Solar panels in front of a greenhouse

Upgrade Machinery and Equipment

Simple procedures, such as keeping tractor tires properly inflated and engines tuned, can go a long way toward saving fuel. Clogged air and fuel filters and injectors burn more fuel, as do motors or engines with rusty or corroded parts, worn bearings, loose belt drives and clogged condenser coils. Dirty fans can be up to 40 percent less efficient.
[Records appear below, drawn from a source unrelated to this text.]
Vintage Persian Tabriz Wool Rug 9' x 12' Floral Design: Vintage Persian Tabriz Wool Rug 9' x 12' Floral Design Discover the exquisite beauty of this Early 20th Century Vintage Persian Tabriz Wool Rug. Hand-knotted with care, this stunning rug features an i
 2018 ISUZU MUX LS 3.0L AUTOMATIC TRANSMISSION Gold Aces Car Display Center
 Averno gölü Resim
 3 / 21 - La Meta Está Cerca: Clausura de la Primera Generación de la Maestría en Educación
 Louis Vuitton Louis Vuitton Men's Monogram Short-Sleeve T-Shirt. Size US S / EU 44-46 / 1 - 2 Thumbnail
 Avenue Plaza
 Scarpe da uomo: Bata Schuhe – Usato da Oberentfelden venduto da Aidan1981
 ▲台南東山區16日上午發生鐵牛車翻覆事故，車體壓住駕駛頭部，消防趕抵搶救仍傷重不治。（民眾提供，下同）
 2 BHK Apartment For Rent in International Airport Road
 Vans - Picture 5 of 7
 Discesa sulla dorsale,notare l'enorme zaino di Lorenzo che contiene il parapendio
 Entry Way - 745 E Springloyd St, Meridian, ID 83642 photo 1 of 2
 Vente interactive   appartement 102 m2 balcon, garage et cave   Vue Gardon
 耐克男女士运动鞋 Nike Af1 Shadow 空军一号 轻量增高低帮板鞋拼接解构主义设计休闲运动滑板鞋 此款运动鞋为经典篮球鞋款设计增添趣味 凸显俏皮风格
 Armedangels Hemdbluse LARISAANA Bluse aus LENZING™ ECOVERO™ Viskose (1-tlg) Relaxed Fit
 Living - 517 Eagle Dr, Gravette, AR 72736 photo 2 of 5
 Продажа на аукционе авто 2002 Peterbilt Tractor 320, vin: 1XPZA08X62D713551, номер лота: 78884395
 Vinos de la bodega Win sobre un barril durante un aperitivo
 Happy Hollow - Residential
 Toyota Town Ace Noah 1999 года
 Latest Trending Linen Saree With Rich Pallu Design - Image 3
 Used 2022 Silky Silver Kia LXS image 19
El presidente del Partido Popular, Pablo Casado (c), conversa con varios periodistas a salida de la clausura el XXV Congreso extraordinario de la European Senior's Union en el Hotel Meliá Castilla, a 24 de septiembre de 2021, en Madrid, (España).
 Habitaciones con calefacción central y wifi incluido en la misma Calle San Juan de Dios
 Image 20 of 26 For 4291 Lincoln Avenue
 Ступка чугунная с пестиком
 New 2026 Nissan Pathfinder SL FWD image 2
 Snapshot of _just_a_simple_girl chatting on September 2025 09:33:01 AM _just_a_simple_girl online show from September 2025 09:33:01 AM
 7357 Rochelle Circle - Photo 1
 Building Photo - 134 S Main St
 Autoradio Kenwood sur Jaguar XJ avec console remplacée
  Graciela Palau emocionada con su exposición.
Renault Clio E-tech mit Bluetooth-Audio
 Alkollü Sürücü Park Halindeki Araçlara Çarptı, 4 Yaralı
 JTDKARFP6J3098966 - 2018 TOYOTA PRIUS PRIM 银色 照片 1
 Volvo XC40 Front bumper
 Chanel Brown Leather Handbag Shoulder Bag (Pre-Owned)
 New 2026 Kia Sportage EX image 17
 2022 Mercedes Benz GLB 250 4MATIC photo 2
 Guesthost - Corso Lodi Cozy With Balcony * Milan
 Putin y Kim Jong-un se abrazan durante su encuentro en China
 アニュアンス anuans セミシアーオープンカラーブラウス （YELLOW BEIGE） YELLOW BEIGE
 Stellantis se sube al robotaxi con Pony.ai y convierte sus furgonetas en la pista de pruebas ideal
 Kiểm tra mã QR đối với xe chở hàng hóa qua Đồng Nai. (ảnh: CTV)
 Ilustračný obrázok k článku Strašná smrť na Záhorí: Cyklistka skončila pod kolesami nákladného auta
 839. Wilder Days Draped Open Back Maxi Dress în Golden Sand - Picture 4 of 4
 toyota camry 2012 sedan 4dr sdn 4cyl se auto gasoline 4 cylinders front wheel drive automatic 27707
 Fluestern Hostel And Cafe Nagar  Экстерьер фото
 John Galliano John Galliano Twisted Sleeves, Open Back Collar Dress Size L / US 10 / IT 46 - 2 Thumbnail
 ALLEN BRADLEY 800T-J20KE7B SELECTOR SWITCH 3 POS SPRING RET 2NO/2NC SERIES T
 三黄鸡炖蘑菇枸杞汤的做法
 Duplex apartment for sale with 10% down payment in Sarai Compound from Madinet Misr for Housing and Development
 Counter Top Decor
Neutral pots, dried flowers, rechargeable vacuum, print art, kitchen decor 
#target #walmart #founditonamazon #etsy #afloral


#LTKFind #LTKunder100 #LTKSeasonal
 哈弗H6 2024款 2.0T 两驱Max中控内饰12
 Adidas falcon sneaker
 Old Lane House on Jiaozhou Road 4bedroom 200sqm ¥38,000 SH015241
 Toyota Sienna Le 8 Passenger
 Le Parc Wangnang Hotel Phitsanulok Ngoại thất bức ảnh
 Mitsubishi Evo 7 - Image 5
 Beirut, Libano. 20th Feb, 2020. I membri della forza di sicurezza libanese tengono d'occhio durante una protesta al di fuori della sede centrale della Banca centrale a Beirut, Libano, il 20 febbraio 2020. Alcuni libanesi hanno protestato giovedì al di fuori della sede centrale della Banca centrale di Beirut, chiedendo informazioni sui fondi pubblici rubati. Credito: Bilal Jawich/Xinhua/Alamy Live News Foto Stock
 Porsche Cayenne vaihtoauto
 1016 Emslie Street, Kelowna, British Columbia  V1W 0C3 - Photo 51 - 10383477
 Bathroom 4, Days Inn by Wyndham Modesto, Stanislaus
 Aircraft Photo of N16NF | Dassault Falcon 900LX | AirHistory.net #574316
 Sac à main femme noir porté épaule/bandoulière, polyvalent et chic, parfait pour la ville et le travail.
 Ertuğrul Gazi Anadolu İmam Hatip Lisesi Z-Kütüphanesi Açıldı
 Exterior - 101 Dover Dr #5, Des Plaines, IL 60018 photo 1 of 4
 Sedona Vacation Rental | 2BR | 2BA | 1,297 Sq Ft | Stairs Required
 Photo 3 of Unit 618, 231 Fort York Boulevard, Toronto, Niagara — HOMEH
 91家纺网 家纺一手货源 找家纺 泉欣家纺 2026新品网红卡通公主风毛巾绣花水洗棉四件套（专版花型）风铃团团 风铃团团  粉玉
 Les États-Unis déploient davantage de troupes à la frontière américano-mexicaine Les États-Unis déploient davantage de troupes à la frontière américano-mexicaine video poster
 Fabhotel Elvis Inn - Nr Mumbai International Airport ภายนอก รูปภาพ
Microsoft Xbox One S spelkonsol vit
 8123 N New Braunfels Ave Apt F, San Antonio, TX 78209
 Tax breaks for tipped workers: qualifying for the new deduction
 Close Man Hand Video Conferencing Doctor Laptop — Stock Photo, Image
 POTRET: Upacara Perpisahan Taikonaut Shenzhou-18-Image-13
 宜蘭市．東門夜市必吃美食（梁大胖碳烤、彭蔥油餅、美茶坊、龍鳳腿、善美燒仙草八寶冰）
Replacing incandescent bulbs with fluorescents not only reduces energy use, but saves farmers money far beyond the original investment. An energy audit on a Maryland poultry farm, for example, found that switching the farm’s 40- and 60-watt incandescent light bulbs to five-watt cold cathode fluorescent bulbs required an initial outlay of $2,168, but would save the farmer $2,658 per year in energy costs. Given the bulbs’ 5–8 year life span, this farmer can expect total savings of $11,000-$18,000.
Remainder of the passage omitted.